> _MATERIAL PROVIDED_:
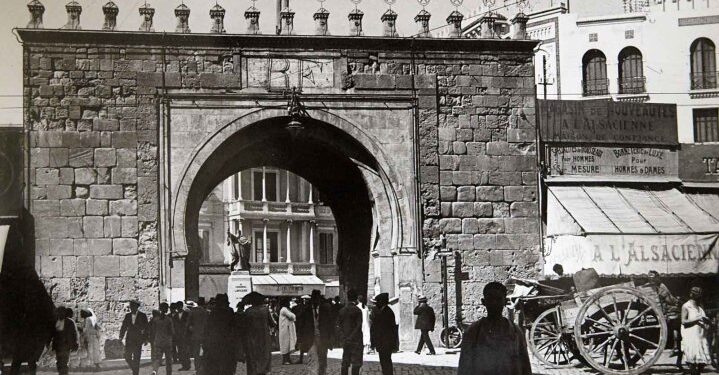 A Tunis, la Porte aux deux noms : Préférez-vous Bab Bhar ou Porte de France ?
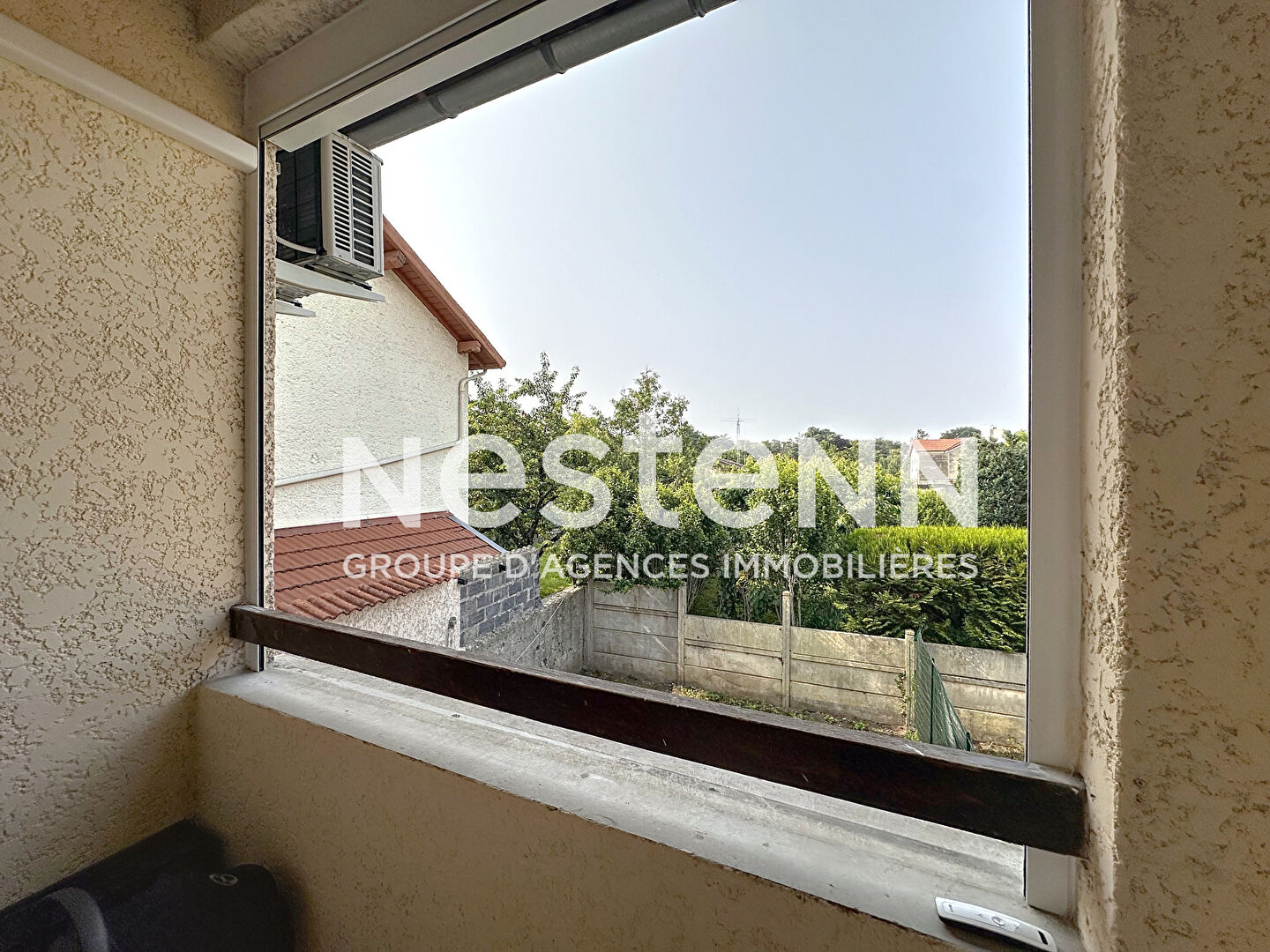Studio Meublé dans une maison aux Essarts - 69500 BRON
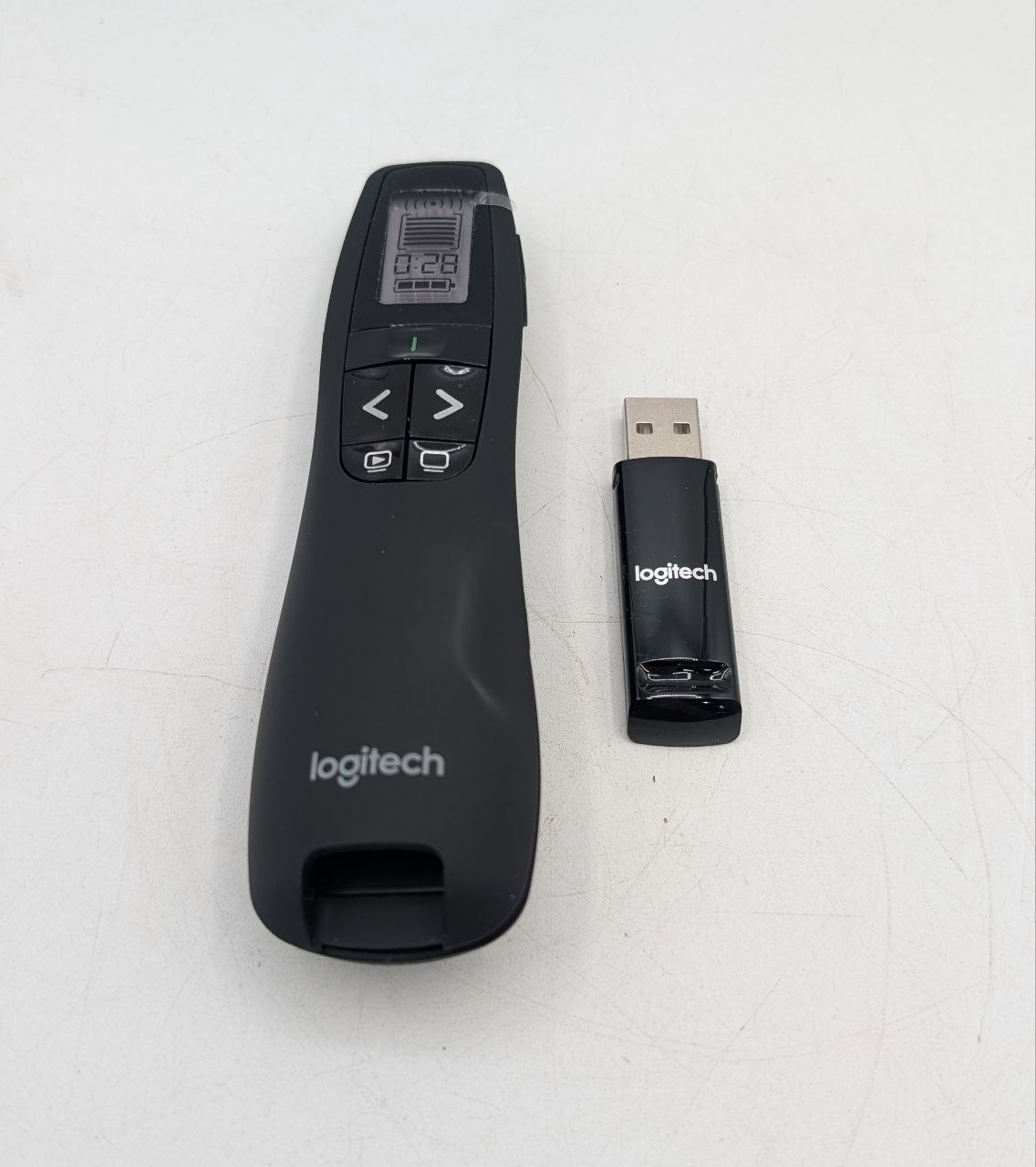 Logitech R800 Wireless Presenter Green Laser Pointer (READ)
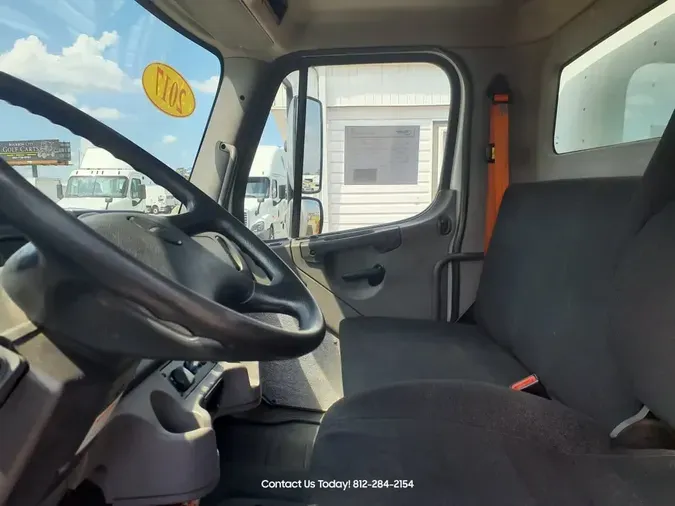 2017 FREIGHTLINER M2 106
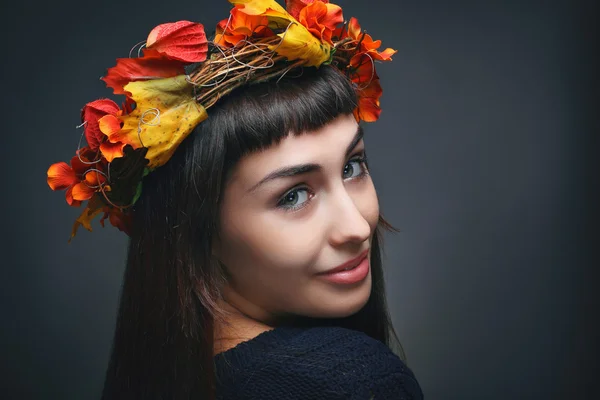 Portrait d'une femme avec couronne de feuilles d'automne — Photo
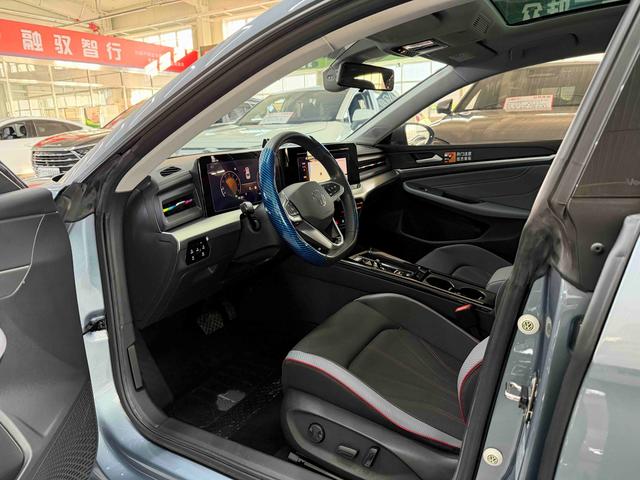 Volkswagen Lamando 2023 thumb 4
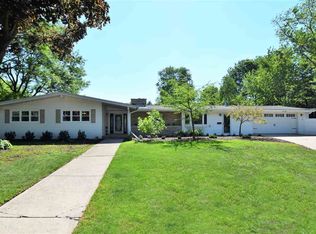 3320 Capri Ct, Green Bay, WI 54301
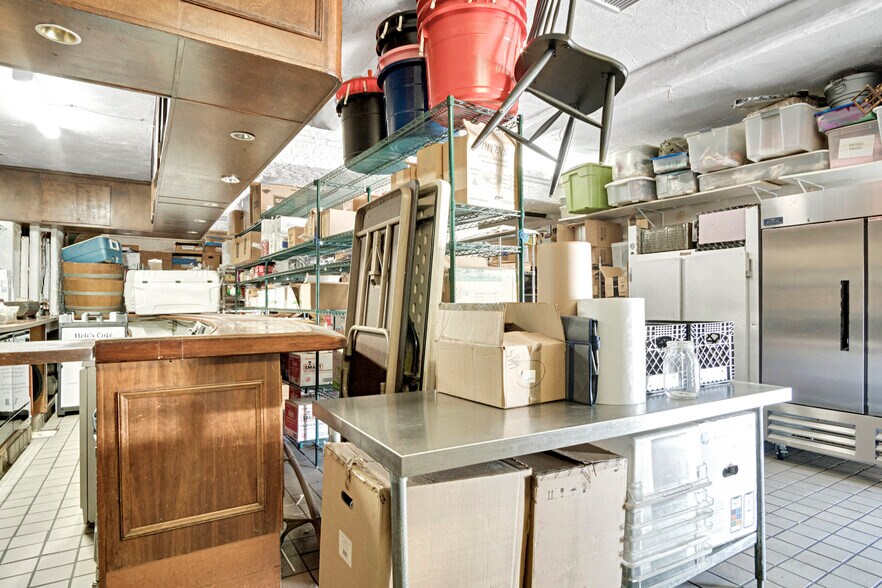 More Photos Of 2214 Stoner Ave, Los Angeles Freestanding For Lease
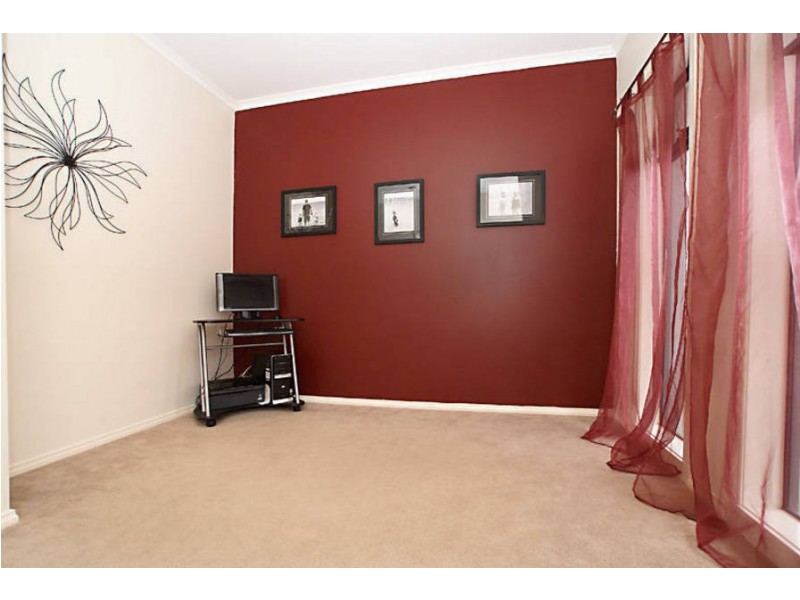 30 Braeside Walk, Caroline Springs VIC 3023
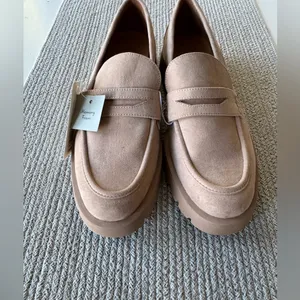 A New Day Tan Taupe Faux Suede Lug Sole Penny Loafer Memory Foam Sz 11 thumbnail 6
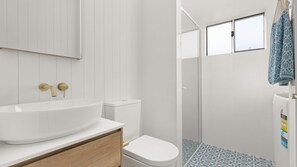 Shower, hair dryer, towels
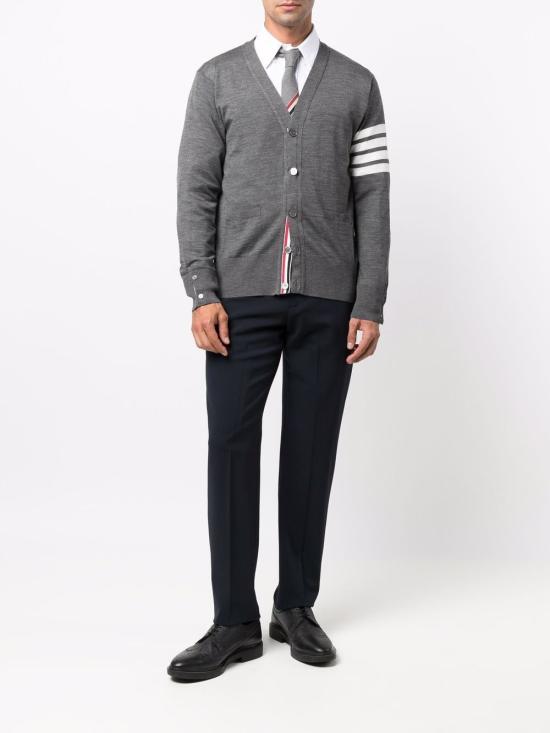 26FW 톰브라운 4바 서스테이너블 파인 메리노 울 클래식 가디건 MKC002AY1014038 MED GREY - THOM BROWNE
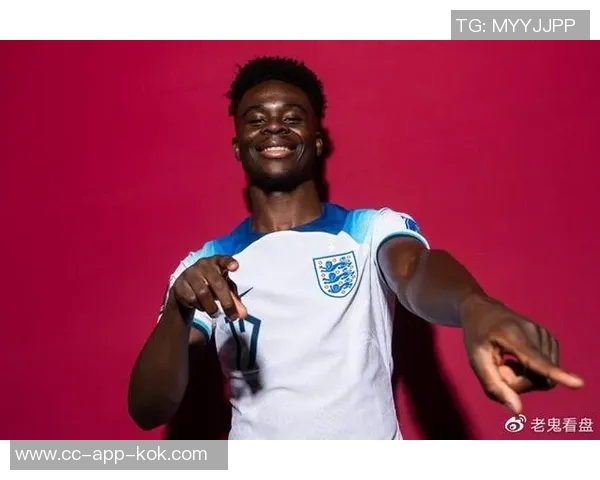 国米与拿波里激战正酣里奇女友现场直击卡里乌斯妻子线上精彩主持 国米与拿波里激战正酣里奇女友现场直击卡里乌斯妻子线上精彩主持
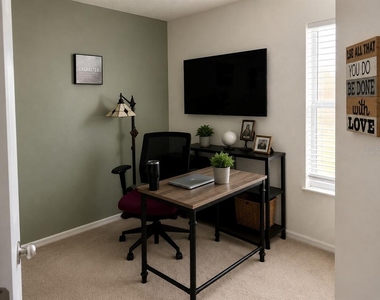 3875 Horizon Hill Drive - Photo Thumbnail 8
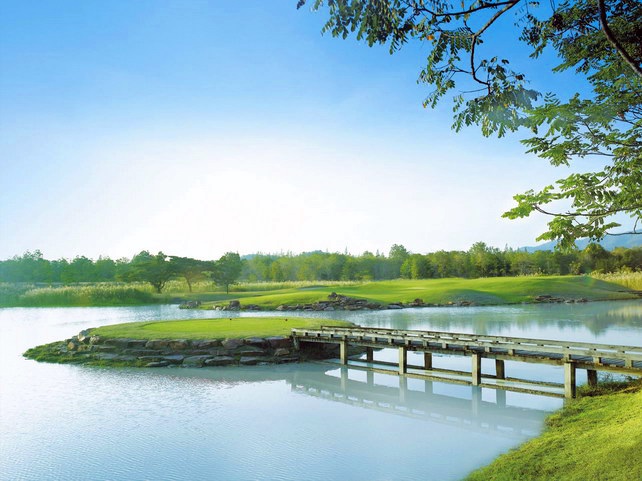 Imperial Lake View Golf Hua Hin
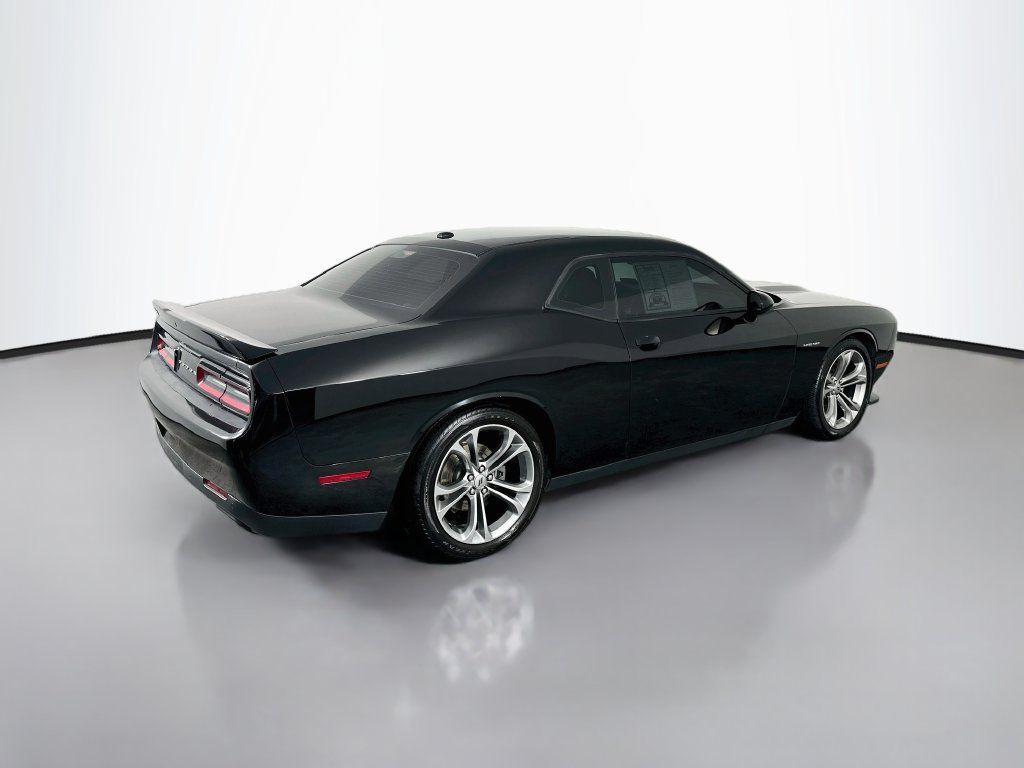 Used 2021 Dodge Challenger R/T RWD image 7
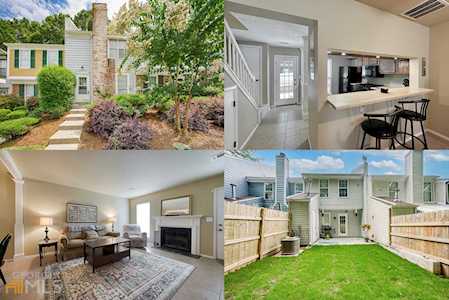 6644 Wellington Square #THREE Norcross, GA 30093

> _THE TASK_: Word for word, retype the lines from the one that contains "Shower, hair dryer, towels" through the final line of the data, both ends included, excluding pictures.

> _OUTPUT_:
 Shower, hair dryer, towels
 26FW 톰브라운 4바 서스테이너블 파인 메리노 울 클래식 가디건 MKC002AY1014038 MED GREY - THOM BROWNE
 国米与拿波里激战正酣里奇女友现场直击卡里乌斯妻子线上精彩主持 国米与拿波里激战正酣里奇女友现场直击卡里乌斯妻子线上精彩主持
 3875 Horizon Hill Drive - Photo Thumbnail 8
 Imperial Lake View Golf Hua Hin
 Used 2021 Dodge Challenger R/T RWD image 7
 6644 Wellington Square #THREE Norcross, GA 30093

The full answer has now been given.